Now we can understand that using a regular expression like "\d+" will match any string where there is one or more digit. For example it will match "Sphere01" but not "SphereOne". Likewise, "Sphere\d?" will match any string starting with "Sphere" and ending with zero or one digit. It will match "Sphere" and "Sphere1" but not "SphereOne".

Combining these tokens together can yield surprisingly strong syntax for custom selections that cover pretty much any pattern you can imagine.

Replacing/Renaming

Zookeeper provides a rename dialog for renaming objects that can use regular expression syntax. Just as in searching, Regex provides a powerful way of modifying/renaming strings. Here we will only skin the surface and cover the basics. If you like what you see please consider reading a deeper regular expressions manual.

The basic idea is that you split your search regex pattern into groups. Then you can manipulate and use these groups in the rename pattern. A group in regex is defined using normal brackets (). Consider the following example:

"(Sph)(ere)"

This takes a string "Sphere" and splits it into two groups "Sph" and "ere". In the rename pattern we then type any string that contains these groups somewhere in it. Groups are always marked by a dollar sign character $ followed by the group's index. In this case "Sph" is a group with index 1 and "ere" has index 2.

Using "$1_$2" will insert an underscore between our groups and produce "Sph_ere". Using "$2$1" will reverse the order and produce "ereSph". As we learned earlier searching pattern can match any character set of a string instead of just specific characters.

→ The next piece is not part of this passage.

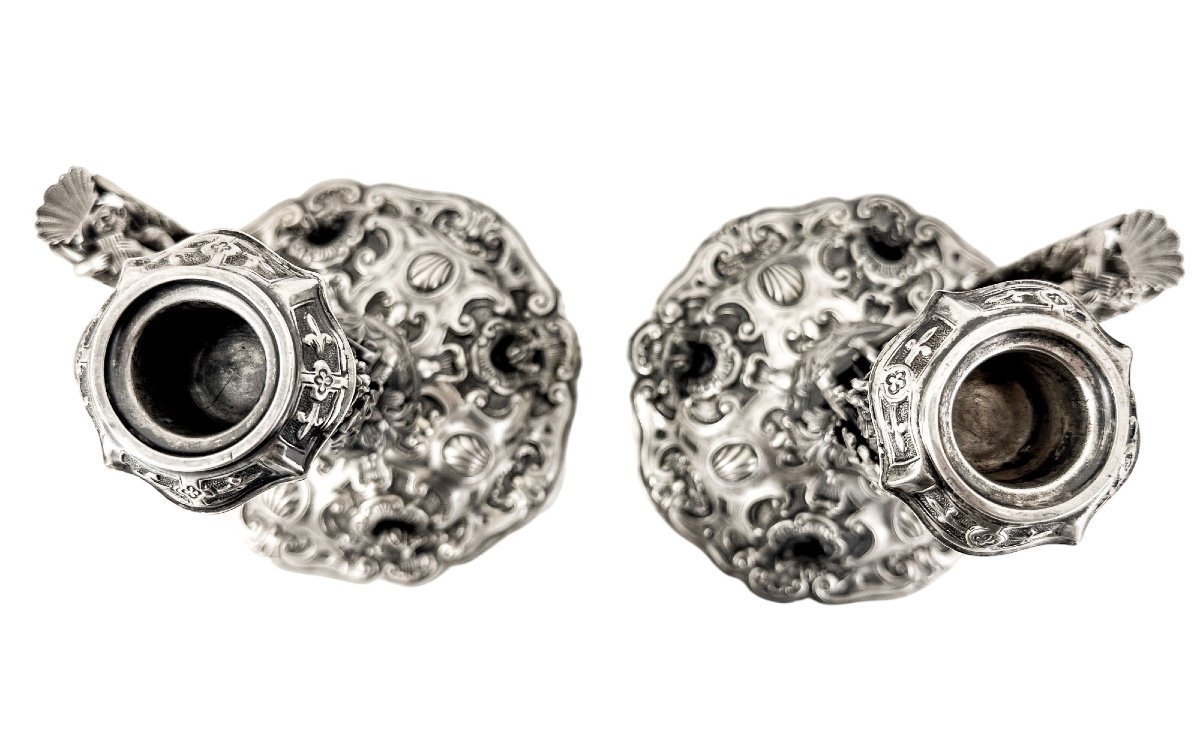 Hanau - Paire Chandeliers Figuratifs De Style Renaissance Avec Pan, Chérubins Et Musiciens-photo-2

So, for example, having a search pattern "([a-zA-Z]+)(\d+)" will match any name starting with letter characters and ending with digits. Moreover it will place the letter characters into first group and digit characters into the second. Therefore, replacing with a pattern like "$1_$2" will separate the digits and letters by an underscore. For example, "Torus01" becomes "Torus_01", "Sphere5" becomes "Sphere_5" and so on.

We have covered the basics. However, deeper investigation into regular expression will reveal many more powerful gems such as look ahead and look behind groups, and named groups. Please consult a more appropriate Regex reference if you have interest at this point.